Search the records below for the string "Flowers", and report each line that contains it.
Segment Start: Listed entries
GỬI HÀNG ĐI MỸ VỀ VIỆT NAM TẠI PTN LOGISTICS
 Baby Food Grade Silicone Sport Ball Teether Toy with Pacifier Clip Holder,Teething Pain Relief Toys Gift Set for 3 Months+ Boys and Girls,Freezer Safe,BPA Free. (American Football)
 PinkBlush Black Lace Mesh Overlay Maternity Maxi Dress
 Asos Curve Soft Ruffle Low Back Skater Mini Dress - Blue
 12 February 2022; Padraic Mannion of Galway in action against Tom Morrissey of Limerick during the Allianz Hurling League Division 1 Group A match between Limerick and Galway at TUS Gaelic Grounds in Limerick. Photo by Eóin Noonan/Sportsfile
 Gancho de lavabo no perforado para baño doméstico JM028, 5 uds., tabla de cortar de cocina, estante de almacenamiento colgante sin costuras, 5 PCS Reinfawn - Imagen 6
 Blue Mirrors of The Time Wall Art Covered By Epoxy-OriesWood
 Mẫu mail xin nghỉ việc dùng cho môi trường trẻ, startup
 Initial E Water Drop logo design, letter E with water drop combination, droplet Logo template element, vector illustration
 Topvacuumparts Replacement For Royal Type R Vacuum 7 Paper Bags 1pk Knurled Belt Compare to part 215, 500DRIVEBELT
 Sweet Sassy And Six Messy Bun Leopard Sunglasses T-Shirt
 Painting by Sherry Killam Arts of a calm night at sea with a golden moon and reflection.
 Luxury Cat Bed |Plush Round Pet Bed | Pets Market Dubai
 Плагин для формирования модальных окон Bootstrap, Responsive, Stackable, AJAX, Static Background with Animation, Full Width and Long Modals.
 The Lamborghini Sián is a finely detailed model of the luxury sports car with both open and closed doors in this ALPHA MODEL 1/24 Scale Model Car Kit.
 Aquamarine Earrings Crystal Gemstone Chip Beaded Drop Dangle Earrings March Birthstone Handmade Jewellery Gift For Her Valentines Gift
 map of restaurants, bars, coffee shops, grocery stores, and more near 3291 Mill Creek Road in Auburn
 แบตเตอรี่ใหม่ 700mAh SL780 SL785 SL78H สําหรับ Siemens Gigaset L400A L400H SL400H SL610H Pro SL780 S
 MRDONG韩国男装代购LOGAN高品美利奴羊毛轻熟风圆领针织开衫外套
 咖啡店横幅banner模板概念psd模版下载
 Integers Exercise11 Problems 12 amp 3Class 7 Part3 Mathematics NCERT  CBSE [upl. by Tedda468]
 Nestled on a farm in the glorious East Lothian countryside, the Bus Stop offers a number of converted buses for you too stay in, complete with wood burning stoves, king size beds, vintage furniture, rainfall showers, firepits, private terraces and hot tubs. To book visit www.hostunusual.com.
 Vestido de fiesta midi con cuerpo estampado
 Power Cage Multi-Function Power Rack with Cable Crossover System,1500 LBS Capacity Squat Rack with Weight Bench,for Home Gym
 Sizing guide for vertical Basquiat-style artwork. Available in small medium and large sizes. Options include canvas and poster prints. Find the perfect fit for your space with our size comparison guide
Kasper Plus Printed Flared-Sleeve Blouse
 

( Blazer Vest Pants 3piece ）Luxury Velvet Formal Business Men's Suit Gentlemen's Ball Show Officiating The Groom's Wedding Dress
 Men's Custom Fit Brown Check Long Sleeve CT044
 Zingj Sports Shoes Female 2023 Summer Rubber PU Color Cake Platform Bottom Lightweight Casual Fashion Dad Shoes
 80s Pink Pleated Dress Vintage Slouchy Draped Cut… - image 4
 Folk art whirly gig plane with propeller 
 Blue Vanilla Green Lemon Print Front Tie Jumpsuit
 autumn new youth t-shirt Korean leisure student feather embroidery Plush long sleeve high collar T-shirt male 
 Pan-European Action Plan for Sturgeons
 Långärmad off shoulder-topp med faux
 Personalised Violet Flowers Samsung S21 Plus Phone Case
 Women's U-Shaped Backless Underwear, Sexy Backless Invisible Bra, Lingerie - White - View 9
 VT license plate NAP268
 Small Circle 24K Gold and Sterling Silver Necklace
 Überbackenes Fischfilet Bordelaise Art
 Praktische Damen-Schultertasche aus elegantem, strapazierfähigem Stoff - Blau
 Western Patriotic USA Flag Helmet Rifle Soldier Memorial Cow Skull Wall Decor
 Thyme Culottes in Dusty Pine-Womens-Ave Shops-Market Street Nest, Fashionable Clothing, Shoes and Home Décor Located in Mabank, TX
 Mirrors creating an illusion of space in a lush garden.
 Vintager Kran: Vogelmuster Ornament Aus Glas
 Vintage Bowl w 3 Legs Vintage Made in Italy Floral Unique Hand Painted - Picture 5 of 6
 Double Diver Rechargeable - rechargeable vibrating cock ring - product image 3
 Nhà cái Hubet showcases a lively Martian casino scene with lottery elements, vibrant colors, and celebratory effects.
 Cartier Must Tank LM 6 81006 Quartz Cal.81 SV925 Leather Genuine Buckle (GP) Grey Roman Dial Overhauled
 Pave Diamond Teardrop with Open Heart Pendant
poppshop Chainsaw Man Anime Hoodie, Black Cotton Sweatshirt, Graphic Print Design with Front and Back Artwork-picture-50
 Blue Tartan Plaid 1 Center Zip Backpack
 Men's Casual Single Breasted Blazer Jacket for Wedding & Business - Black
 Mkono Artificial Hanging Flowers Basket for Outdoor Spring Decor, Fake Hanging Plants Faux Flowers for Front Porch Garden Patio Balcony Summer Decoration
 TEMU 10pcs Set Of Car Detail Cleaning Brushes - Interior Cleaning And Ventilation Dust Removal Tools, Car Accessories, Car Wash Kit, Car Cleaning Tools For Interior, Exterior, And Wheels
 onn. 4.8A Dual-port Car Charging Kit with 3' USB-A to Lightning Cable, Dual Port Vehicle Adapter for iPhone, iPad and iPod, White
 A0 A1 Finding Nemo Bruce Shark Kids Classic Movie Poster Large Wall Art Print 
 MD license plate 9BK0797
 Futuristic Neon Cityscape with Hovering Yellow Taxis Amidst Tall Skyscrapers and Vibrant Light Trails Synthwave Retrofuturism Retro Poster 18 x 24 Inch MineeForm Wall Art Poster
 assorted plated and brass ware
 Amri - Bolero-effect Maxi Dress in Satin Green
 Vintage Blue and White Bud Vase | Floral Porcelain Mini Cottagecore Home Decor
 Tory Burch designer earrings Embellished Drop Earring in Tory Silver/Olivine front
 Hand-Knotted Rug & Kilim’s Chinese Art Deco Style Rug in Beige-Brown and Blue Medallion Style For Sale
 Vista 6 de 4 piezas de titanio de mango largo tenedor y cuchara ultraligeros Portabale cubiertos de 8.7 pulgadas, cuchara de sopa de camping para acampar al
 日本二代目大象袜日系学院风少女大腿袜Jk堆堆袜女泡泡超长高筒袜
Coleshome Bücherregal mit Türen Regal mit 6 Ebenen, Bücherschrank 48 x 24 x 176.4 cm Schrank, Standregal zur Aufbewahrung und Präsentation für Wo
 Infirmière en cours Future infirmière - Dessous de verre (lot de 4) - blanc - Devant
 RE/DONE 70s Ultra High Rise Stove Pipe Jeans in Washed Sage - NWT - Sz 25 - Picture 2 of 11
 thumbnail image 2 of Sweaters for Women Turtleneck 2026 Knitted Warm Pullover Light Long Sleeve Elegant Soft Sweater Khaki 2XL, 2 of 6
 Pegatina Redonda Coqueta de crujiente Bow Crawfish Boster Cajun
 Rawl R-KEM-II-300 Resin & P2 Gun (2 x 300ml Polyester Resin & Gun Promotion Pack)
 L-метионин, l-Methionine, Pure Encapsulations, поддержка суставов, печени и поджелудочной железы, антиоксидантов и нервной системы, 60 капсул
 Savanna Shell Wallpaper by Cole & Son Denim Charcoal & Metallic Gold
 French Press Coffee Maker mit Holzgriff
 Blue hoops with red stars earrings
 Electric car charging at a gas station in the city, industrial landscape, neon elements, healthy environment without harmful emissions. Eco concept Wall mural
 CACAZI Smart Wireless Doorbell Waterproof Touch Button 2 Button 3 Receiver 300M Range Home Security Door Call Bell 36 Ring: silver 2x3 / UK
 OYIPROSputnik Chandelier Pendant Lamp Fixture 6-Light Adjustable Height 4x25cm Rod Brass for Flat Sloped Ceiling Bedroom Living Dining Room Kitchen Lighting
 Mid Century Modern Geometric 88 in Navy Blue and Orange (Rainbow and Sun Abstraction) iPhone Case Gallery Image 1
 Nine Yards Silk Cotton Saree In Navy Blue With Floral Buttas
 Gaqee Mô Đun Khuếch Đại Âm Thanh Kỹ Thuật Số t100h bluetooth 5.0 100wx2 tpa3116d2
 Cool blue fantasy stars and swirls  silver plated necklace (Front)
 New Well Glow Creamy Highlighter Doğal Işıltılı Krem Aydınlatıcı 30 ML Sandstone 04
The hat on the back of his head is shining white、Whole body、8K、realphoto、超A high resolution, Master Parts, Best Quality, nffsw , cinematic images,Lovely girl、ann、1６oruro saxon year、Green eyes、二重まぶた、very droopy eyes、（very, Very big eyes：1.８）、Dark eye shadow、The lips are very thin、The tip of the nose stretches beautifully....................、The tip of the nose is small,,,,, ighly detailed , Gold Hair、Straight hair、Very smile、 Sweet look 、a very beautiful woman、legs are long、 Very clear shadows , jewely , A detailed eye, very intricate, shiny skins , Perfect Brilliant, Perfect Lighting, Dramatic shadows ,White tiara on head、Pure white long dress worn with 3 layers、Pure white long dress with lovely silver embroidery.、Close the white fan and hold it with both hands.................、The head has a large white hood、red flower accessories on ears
Segment End: Listed entries
> **Response to the task**
 Personalised Violet Flowers Samsung S21 Plus Phone Case
 Mkono Artificial Hanging Flowers Basket for Outdoor Spring Decor, Fake Hanging Plants Faux Flowers for Front Porch Garden Patio Balcony Summer Decoration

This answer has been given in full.